Como os outros falares da região, o gascão vem sofrendo a influência da língua oficial, o francês, percebida claramente já no séc. XVIII por Bernardau, ao responder um questionário do conhecido Abbé Gregoire. Importante é o testemunho de Montaigne, em Essais, II, 17, de 1580, em que fala de um gascão puro, nas montanhas, “singularmente belo”. Recuando ainda mais, encontramos o famoso descorte de Raimbaud de Vaqueiras, redigido em cinco línguas, entre as quais o gascão, ao lado do provençal, do francês, do italiano e do português.

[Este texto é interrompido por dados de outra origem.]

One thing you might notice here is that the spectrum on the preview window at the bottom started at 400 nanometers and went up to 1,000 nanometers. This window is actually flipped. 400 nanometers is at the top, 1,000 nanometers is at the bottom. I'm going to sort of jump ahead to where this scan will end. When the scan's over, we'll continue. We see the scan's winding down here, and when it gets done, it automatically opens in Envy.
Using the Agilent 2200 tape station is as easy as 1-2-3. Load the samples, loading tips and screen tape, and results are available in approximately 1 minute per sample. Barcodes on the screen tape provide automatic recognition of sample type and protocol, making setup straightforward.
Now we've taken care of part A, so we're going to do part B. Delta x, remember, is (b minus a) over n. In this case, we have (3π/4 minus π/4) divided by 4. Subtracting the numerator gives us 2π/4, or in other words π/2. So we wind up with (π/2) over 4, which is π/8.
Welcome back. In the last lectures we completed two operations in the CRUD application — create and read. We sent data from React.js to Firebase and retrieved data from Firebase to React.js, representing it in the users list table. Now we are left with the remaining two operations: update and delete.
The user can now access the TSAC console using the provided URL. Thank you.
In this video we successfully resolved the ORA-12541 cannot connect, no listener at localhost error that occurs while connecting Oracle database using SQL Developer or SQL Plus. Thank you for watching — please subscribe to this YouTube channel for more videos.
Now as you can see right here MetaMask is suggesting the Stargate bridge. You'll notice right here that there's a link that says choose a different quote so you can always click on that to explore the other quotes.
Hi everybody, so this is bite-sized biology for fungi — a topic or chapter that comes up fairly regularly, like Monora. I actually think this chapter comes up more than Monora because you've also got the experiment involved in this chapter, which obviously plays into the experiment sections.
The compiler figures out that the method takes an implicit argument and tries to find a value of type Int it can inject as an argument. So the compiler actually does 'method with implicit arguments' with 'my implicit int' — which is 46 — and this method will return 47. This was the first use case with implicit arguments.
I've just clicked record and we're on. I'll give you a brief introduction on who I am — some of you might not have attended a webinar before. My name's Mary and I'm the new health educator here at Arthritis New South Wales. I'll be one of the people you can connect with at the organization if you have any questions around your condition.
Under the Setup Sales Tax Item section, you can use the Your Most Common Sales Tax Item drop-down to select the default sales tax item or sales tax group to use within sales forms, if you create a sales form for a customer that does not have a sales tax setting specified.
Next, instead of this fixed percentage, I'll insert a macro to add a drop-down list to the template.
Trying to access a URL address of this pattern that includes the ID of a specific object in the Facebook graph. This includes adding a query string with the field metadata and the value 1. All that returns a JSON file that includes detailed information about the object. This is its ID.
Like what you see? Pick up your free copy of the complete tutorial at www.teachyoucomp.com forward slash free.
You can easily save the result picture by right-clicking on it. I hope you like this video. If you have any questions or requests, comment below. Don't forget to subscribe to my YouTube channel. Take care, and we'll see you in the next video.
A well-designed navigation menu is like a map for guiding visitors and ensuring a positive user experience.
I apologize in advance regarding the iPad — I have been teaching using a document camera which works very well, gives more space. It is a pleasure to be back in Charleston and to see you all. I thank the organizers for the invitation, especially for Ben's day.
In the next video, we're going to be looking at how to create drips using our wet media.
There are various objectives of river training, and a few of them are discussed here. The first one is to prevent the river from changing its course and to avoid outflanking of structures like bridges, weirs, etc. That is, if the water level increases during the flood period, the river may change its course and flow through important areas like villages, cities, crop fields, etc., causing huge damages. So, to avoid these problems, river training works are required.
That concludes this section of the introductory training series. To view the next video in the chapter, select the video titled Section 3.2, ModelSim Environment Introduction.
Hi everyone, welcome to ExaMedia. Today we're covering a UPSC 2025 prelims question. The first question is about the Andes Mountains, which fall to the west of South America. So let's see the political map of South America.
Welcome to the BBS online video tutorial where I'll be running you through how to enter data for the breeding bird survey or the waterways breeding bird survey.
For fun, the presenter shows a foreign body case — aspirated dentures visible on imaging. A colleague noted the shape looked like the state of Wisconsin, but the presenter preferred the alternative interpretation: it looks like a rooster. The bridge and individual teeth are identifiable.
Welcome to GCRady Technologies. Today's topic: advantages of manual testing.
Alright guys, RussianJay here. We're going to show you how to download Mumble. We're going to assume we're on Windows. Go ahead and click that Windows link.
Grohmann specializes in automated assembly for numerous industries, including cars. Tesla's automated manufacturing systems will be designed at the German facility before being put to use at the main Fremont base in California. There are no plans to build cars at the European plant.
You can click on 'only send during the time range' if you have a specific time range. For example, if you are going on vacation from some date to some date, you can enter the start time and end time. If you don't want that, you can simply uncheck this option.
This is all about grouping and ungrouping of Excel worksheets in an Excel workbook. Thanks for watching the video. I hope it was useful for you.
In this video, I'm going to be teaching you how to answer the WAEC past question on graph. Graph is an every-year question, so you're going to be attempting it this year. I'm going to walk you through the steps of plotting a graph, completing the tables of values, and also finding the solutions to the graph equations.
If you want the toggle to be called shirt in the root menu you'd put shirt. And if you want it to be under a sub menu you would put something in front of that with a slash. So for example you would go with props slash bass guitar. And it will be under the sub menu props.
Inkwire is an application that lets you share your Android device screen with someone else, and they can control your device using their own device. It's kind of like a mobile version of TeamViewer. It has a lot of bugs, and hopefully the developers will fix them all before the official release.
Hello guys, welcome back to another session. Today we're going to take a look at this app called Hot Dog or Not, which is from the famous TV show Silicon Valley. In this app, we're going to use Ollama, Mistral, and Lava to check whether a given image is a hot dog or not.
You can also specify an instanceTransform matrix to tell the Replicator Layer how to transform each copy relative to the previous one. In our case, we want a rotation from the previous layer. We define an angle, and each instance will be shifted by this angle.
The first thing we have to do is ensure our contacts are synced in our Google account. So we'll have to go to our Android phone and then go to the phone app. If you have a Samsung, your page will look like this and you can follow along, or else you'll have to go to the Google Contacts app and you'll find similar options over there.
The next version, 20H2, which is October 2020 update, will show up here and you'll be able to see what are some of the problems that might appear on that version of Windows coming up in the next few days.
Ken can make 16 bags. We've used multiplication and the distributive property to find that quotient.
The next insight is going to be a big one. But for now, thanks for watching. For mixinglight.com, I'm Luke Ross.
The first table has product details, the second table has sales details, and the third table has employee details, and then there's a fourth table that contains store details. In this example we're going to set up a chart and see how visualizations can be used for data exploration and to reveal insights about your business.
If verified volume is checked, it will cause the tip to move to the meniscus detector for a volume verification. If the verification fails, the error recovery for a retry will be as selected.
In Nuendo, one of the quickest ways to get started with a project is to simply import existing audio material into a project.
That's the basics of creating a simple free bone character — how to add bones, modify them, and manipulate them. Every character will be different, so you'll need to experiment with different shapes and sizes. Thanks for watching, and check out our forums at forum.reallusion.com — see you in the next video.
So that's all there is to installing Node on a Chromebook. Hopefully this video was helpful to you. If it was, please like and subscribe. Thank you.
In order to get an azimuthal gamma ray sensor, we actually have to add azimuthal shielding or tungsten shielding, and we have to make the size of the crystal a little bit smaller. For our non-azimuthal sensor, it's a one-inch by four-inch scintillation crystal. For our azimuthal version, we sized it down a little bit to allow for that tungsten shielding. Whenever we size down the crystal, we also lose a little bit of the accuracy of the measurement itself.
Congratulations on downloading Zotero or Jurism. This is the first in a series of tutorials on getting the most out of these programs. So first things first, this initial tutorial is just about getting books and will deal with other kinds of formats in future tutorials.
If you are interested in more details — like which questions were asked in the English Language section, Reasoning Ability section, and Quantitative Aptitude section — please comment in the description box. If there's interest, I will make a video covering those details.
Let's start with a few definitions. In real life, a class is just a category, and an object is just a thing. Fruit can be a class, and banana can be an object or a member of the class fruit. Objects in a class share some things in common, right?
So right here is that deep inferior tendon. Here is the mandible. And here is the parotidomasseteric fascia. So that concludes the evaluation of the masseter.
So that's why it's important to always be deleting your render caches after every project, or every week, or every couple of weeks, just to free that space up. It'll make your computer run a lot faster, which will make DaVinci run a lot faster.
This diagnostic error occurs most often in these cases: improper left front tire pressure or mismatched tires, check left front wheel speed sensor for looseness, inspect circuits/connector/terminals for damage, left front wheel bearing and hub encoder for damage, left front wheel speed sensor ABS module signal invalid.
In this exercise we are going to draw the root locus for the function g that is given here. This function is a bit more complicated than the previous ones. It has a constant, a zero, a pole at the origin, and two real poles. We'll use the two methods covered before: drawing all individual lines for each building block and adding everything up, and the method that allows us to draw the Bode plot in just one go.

Modernamente, autores do porte de Carlo Tagliavini, B.E. Vidos, G. Rohlfs e Pierre Bec, não hesitam em atribuir ao gascão o status de língua, levando em conta principalmente suas características lingüísticas, provenientes da ação do substrato próprio favorecida por circunstâncias históricas singulares. Com a nova política em relação às minorias lingüística do após-guerra, o gascão vem apresentando uma notável floração de novos escritores, poetas e estudiosos, que se dedicam ao estudo da língua em todos os seus aspectos. Buscam fugir à influência francesas, começando por estabelecer uma ortografia mais consentânea com seu sistema fonológico e com a tradição latina. Já se percebeu essa preocupação básica em outros ramos das línguas românicas, uma vez que a uniformidade ortográfica é um meio eficiente para se chegar a uma, pelo menos, relativa unidade na diversidade dialetal Nesse sentido, destaca-se a revista PER NOSTE, que vem publicando tanto escritos em geral, como gramáticas, tratados de ortografia etc.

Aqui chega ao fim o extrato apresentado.